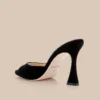 Avery Suede Open-Toe Mule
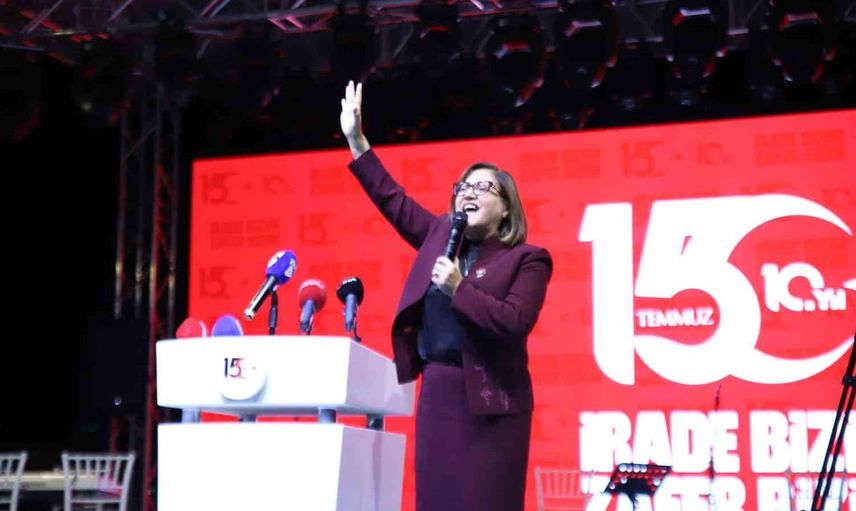 Gaziantep'te 15 Temmuz Demokrasi ve Milli Birlik Günü anma programı düzenlendi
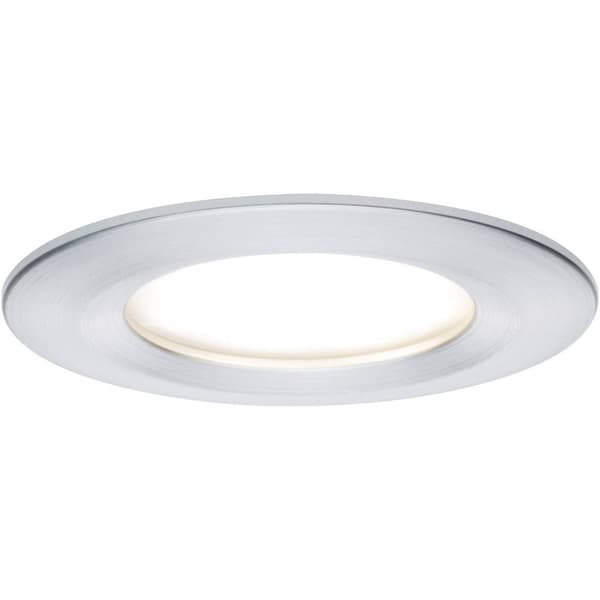 Paulmann LED-badrumsbelysning inbyggnad Set 3 st 18 W Aluminium (borstad)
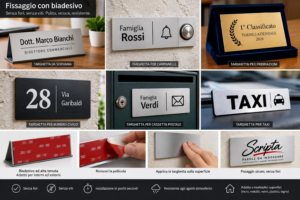 Targhette personalizzate in alluminio STAMPA-TARGHETTE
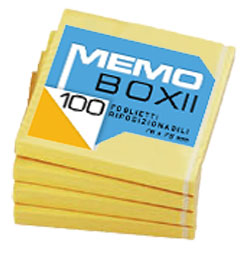 POST-IT 654 76X76    GIALLI BOXII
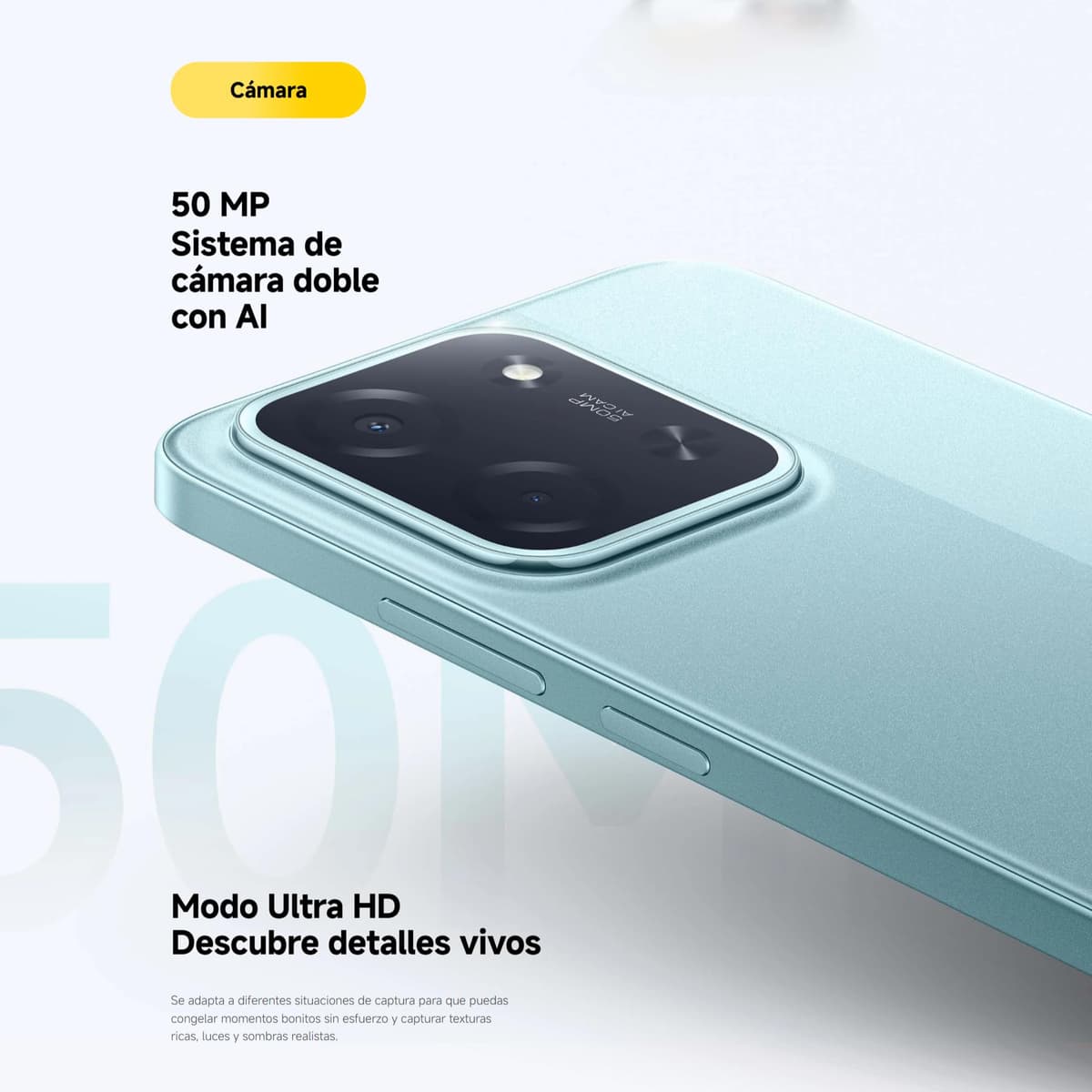 XIAOMI POCO C85 - Smartphone de 8+256GB, Cámara Dual de 50MP con AI, Pantalla inmersiva de 6,9”, Potente procesador Octa-Core, Carga rápida de 33W, 6000mAh, Cargador no Incluido, Negro (Versión ES) — view 8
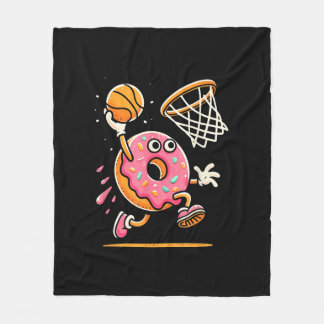 Grappige Donut Dunking Basketbal Voedsel Kampioen  Fleece Deken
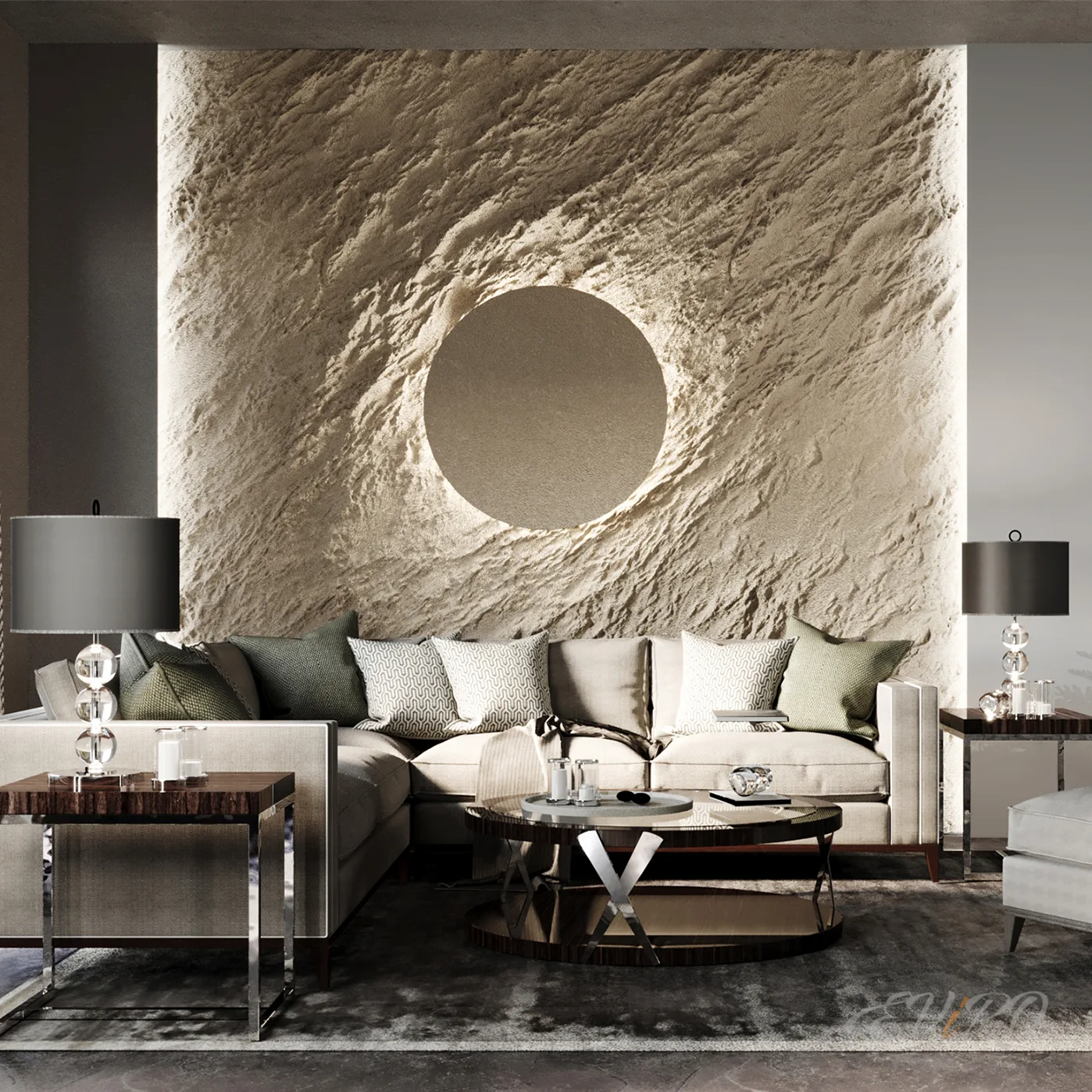 Гипсовая 3D панель EViRO Stone Slab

=====

**What is required:** If an entry contains a picture, skip the picture and reproduce everything else exactly.

**Solution below:**
 Avery Suede Open-Toe Mule
 Gaziantep'te 15 Temmuz Demokrasi ve Milli Birlik Günü anma programı düzenlendi
 Paulmann LED-badrumsbelysning inbyggnad Set 3 st 18 W Aluminium (borstad)
 Targhette personalizzate in alluminio STAMPA-TARGHETTE
 POST-IT 654 76X76    GIALLI BOXII
 XIAOMI POCO C85 - Smartphone de 8+256GB, Cámara Dual de 50MP con AI, Pantalla inmersiva de 6,9”, Potente procesador Octa-Core, Carga rápida de 33W, 6000mAh, Cargador no Incluido, Negro (Versión ES) — view 8
 Grappige Donut Dunking Basketbal Voedsel Kampioen  Fleece Deken
 Гипсовая 3D панель EViRO Stone Slab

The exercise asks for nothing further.